A eliminação precoce do Brasil é, no fim das contas, bastante diferente do desastre de 2014. Tite assumiu uma seleção desacreditada em 2016, eliminada na primeira fase da Copa América Centenário e correndo risco de não garantir a vaga na Rússia nas eliminatórias. O técnico fez uma revolução, perdendo apenas duas partidas em dois anos.

Durante a Copa, a seleção passou longe do time que desmontou em 2014 contra a Alemanha, e depois se entregou completamente aos holandeses na disputa de terceiro lugar. Já contra a Costa Rica, o Brasil mostrou controle e força, marcando dois gols nos acréscimos para garantir três pontos e espantar a estreia decepcionante diante dos suíços.
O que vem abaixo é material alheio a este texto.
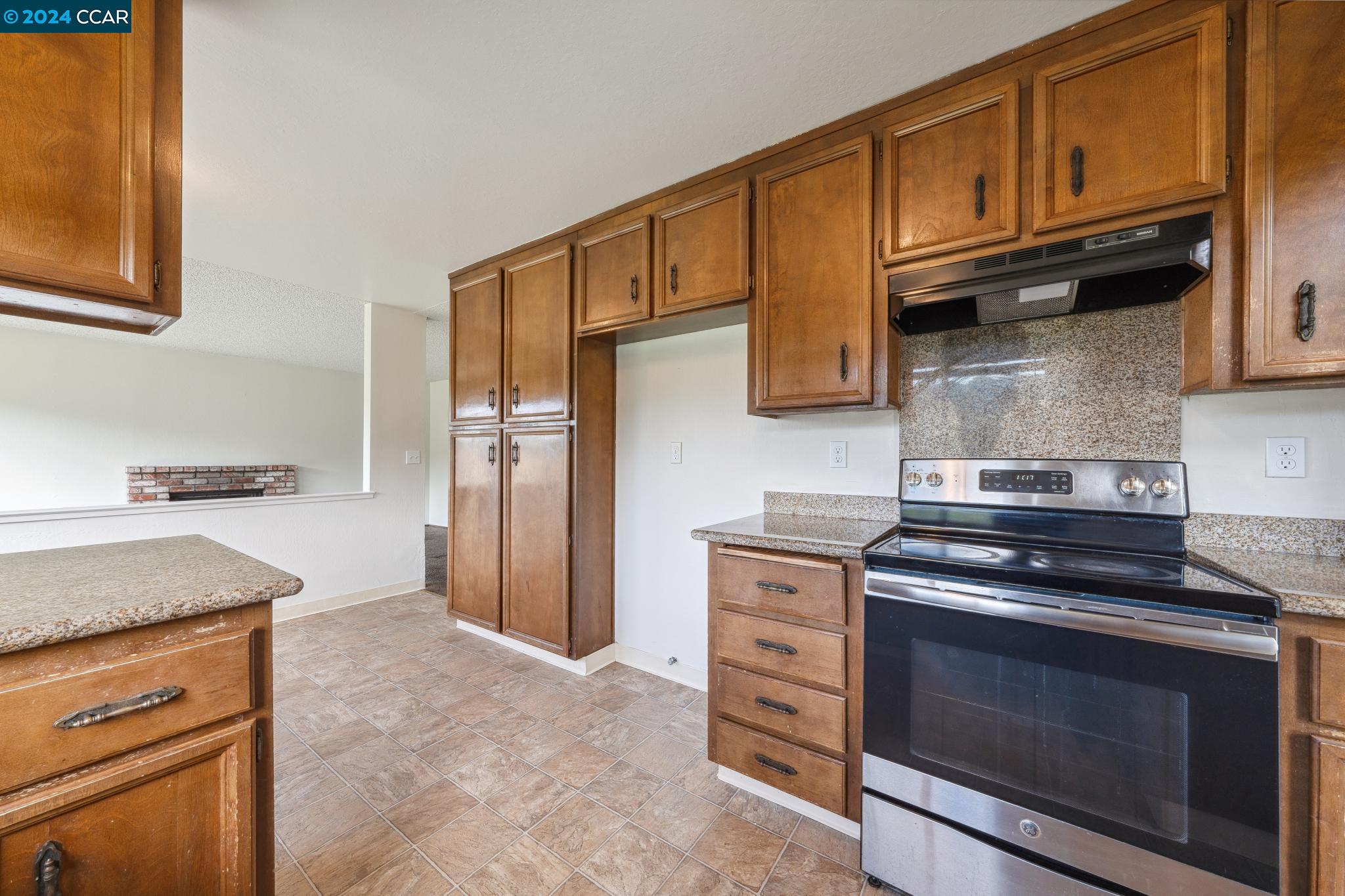 Detail Gallery Image 11 of 36 For 242 Oriole Ct, Hercules,  CA 94547 - 4 Beds | 2/1 Baths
Nesta sexta, o segundo tempo foi de massacre ao gol belga, e o time brasileiro passou muito perto de levar a decisão à prorrogação.

O ciclo para 2022 pode ser mais tranquilo e resultar em um Brasil mais preparado. A cúpula da CBF não esconde o interesse em manter Tite no comando da seleção. O treinador, por sua vez, não quis se comprometer, mas admite enxergar as vantagens de um trabalho de quatro anos. “Toda vez que um técnico tem um tempo maior, ele consegue, teoricamente, desenvolver um trabalho melhor. E não só na seleção, mas no clube também. A competência é de acertos, e quanto mais tempo tu tem com um atleta, mais consegue mexer com o emocional dele”.